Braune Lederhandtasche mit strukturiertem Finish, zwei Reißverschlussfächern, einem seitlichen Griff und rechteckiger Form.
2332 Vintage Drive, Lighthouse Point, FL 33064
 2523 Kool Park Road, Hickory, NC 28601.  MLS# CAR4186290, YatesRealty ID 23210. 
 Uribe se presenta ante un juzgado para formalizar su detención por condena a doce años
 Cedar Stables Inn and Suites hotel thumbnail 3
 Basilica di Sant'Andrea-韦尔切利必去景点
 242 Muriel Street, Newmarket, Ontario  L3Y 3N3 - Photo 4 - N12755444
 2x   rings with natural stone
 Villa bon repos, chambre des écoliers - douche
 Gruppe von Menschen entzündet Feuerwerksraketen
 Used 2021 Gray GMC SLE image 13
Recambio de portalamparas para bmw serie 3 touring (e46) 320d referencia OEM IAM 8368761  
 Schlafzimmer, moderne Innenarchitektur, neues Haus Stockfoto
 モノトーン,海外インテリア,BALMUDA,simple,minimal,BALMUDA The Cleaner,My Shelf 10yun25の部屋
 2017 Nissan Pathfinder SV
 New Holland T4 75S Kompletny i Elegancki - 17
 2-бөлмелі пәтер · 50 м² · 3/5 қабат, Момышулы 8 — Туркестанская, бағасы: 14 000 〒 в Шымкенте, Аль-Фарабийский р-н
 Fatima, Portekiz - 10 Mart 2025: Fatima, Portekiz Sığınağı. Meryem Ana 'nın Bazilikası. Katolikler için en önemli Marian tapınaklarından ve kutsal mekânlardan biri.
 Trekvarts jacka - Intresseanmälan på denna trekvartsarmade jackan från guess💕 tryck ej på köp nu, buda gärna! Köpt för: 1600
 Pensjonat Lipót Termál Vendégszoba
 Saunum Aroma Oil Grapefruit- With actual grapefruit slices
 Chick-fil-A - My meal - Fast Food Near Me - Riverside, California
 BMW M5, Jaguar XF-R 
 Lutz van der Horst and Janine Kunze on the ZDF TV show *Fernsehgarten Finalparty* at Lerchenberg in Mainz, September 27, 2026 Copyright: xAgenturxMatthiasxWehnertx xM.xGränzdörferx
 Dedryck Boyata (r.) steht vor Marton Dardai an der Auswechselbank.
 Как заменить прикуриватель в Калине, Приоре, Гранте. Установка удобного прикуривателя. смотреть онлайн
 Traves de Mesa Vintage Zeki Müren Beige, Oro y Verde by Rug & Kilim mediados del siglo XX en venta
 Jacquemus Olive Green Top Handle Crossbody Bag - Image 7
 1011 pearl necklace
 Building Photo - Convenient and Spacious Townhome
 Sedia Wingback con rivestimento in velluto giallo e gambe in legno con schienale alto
########################################
• ABOUT THIS EXERCISE
Give the listing again, exactly as it was written.

• RESULT
Braune Lederhandtasche mit strukturiertem Finish, zwei Reißverschlussfächern, einem seitlichen Griff und rechteckiger Form.
2332 Vintage Drive, Lighthouse Point, FL 33064
 2523 Kool Park Road, Hickory, NC 28601.  MLS# CAR4186290, YatesRealty ID 23210. 
 Uribe se presenta ante un juzgado para formalizar su detención por condena a doce años
 Cedar Stables Inn and Suites hotel thumbnail 3
 Basilica di Sant'Andrea-韦尔切利必去景点
 242 Muriel Street, Newmarket, Ontario  L3Y 3N3 - Photo 4 - N12755444
 2x   rings with natural stone
 Villa bon repos, chambre des écoliers - douche
 Gruppe von Menschen entzündet Feuerwerksraketen
 Used 2021 Gray GMC SLE image 13
Recambio de portalamparas para bmw serie 3 touring (e46) 320d referencia OEM IAM 8368761  
 Schlafzimmer, moderne Innenarchitektur, neues Haus Stockfoto
 モノトーン,海外インテリア,BALMUDA,simple,minimal,BALMUDA The Cleaner,My Shelf 10yun25の部屋
 2017 Nissan Pathfinder SV
 New Holland T4 75S Kompletny i Elegancki - 17
 2-бөлмелі пәтер · 50 м² · 3/5 қабат, Момышулы 8 — Туркестанская, бағасы: 14 000 〒 в Шымкенте, Аль-Фарабийский р-н
 Fatima, Portekiz - 10 Mart 2025: Fatima, Portekiz Sığınağı. Meryem Ana 'nın Bazilikası. Katolikler için en önemli Marian tapınaklarından ve kutsal mekânlardan biri.
 Trekvarts jacka - Intresseanmälan på denna trekvartsarmade jackan från guess💕 tryck ej på köp nu, buda gärna! Köpt för: 1600
 Pensjonat Lipót Termál Vendégszoba
 Saunum Aroma Oil Grapefruit- With actual grapefruit slices
 Chick-fil-A - My meal - Fast Food Near Me - Riverside, California
 BMW M5, Jaguar XF-R 
 Lutz van der Horst and Janine Kunze on the ZDF TV show *Fernsehgarten Finalparty* at Lerchenberg in Mainz, September 27, 2026 Copyright: xAgenturxMatthiasxWehnertx xM.xGränzdörferx
 Dedryck Boyata (r.) steht vor Marton Dardai an der Auswechselbank.
 Как заменить прикуриватель в Калине, Приоре, Гранте. Установка удобного прикуривателя. смотреть онлайн
 Traves de Mesa Vintage Zeki Müren Beige, Oro y Verde by Rug & Kilim mediados del siglo XX en venta
 Jacquemus Olive Green Top Handle Crossbody Bag - Image 7
 1011 pearl necklace
 Building Photo - Convenient and Spacious Townhome
 Sedia Wingback con rivestimento in velluto giallo e gambe in legno con schienale alto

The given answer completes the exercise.